Recently I have taken to deconstructing ridiculous products that are aimed at women. I see these as attempts to discipline womens bodies. So far I have examined the faux penis, the anti rape condom and the vibrator with a razor. Continuing on in the bizarre tradition of torture through clothing, I bring you the Double-O- Push Up Thong.
Karen Jones, the owner and founder says, "Our ultimate goal then and now is to help women look their best...because when you look great, you feel great! We've learned that we're not just selling better booties, by boosting self-esteem, we're really helping people in their day to day lives. This has become our driving and continuing motivation."
If only my ass were ripe and luscious then all of my problems would be solved. I could experience the thrill of having a man drool over ass as I walk by. Oh the angst and the emotional drama over the missed catcalls and whistles. It's just not fair to be ass challenged in a world that worships the booty. The lack of support systems and groups to deal with this stigma makes it so much harder to deal with. Life is not easy for the narcissistic. What about me...doesn't my physical disability need to be addressed. So what if I can walk, run, talk, dance, see and sing, my ass is flat. Are you listening people, I said my ass is flat, and you cannot imagine the pain it brings....okay I need a moment, talk amongst yourselves.
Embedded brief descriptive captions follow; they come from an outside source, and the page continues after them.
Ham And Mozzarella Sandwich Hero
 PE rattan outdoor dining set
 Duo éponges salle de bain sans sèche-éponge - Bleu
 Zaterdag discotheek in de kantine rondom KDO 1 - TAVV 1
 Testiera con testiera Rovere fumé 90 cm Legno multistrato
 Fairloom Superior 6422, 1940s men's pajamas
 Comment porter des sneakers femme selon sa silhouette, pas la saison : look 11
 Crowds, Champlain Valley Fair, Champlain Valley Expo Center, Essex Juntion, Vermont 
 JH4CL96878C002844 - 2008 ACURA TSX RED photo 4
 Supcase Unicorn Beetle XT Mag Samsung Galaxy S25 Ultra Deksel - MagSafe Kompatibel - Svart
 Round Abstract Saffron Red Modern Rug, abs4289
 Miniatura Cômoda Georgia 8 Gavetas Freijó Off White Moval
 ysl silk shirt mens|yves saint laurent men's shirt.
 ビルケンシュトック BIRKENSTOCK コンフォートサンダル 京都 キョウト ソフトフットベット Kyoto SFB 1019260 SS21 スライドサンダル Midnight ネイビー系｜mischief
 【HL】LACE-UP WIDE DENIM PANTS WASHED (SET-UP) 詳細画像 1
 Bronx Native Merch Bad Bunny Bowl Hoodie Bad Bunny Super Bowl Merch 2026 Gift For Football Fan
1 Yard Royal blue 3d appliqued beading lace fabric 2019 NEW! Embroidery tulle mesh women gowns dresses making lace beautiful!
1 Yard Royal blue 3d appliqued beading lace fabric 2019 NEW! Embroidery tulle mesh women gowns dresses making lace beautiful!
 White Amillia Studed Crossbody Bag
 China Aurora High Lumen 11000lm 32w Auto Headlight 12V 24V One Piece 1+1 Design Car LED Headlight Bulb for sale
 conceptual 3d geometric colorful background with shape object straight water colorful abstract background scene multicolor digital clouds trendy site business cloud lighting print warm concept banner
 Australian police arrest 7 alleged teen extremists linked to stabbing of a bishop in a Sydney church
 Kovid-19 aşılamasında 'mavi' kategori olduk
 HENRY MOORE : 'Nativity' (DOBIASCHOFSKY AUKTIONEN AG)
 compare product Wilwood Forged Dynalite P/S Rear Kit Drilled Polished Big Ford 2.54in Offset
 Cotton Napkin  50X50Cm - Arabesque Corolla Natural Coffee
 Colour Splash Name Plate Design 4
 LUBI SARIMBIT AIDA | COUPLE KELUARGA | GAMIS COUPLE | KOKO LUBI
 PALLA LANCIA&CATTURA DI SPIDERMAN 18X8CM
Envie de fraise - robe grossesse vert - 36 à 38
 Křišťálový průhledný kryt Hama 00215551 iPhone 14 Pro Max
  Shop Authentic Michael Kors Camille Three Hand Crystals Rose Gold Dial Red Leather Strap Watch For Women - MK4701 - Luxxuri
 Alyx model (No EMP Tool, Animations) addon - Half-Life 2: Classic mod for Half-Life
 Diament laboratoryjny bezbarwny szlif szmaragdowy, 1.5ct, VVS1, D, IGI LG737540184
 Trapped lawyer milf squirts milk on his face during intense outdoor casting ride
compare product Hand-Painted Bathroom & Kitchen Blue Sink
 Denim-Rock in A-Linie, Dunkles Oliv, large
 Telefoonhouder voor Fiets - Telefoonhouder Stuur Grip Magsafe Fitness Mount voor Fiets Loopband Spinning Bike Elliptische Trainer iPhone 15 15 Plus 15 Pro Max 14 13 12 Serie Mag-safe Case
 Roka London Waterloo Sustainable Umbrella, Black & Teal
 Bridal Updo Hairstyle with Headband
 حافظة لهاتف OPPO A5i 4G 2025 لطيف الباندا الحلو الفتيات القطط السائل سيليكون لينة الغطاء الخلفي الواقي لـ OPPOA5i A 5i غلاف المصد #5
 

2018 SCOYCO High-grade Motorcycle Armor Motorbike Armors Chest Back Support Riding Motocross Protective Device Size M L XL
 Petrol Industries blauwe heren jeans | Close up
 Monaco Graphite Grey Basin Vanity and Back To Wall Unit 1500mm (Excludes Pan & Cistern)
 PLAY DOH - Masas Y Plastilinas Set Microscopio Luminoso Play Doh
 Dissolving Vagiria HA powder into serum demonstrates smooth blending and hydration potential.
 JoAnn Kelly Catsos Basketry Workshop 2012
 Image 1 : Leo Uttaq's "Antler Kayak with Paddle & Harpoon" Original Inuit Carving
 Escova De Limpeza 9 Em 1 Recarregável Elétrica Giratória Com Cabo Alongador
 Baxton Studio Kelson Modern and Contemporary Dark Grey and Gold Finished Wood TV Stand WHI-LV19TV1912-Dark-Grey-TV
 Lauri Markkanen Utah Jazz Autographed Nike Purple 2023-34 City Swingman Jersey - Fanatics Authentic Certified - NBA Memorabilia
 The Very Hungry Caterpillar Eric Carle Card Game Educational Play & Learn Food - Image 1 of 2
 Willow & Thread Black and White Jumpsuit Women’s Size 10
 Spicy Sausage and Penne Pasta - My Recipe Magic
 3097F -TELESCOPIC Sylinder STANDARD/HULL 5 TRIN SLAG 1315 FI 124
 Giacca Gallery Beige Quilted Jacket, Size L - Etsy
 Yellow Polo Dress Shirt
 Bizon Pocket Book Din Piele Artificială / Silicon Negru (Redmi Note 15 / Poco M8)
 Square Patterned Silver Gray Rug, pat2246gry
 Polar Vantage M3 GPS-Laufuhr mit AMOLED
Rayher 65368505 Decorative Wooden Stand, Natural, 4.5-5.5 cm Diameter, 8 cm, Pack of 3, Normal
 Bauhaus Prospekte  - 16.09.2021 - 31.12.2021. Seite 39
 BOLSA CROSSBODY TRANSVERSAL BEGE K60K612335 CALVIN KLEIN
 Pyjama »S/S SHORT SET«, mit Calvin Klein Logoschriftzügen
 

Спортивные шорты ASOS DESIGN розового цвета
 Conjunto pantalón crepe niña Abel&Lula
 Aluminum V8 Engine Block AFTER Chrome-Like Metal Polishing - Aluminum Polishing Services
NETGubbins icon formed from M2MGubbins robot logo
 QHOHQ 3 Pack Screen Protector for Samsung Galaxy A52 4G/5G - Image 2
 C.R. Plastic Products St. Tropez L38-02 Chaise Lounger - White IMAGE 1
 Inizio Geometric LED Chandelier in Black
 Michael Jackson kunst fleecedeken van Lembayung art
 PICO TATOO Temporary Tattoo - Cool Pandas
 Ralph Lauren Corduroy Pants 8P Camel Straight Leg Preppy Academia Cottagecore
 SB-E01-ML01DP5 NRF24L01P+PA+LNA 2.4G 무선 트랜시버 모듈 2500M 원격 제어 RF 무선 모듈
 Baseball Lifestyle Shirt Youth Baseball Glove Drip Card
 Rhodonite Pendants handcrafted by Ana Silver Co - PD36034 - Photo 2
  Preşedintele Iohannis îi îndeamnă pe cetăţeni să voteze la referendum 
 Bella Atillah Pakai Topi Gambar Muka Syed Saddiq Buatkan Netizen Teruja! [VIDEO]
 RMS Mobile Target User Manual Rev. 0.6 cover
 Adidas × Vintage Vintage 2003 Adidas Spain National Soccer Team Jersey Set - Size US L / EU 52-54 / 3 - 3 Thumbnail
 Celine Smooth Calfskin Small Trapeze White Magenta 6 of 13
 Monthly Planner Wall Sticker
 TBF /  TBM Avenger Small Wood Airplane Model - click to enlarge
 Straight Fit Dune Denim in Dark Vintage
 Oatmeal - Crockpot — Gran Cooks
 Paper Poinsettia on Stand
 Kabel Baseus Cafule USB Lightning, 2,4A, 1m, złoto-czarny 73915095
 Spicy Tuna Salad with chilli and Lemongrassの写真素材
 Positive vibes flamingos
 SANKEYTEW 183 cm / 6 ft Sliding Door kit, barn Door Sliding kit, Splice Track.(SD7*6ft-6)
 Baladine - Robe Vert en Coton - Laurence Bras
This is the kind of ridiculousness that products like this promote. Though Ms.Jones claims to be helping women in fact she is feeding the social monster that says that womens bodies are always imperfect. This is the result of the happy marriage of patriarchy and capitalism. Create a fault that seems natural and then exploit it to maintain position and create profit. Really how does creating products like these help women?
These neo-Victorian torture underwear, firm and shape making sure that the body conforms as much as possible to the "ideal female form". The problem is that women come in all different shapes and sizes. It is impossible despite all of the riggers that we put ourselves through to be found perfect in the patriarchal lens. This is a Quixote like quest. Not only is the windmill forever out of reach, it is an impermanent optical illusion, as beauty standards are in a continual state of flux. Instead of chasing an impossibility it is time that we embrace the wonderful diversity that is possible in the female form. No matter what shape a woman takes, her beauty cannot and should not be defined by others.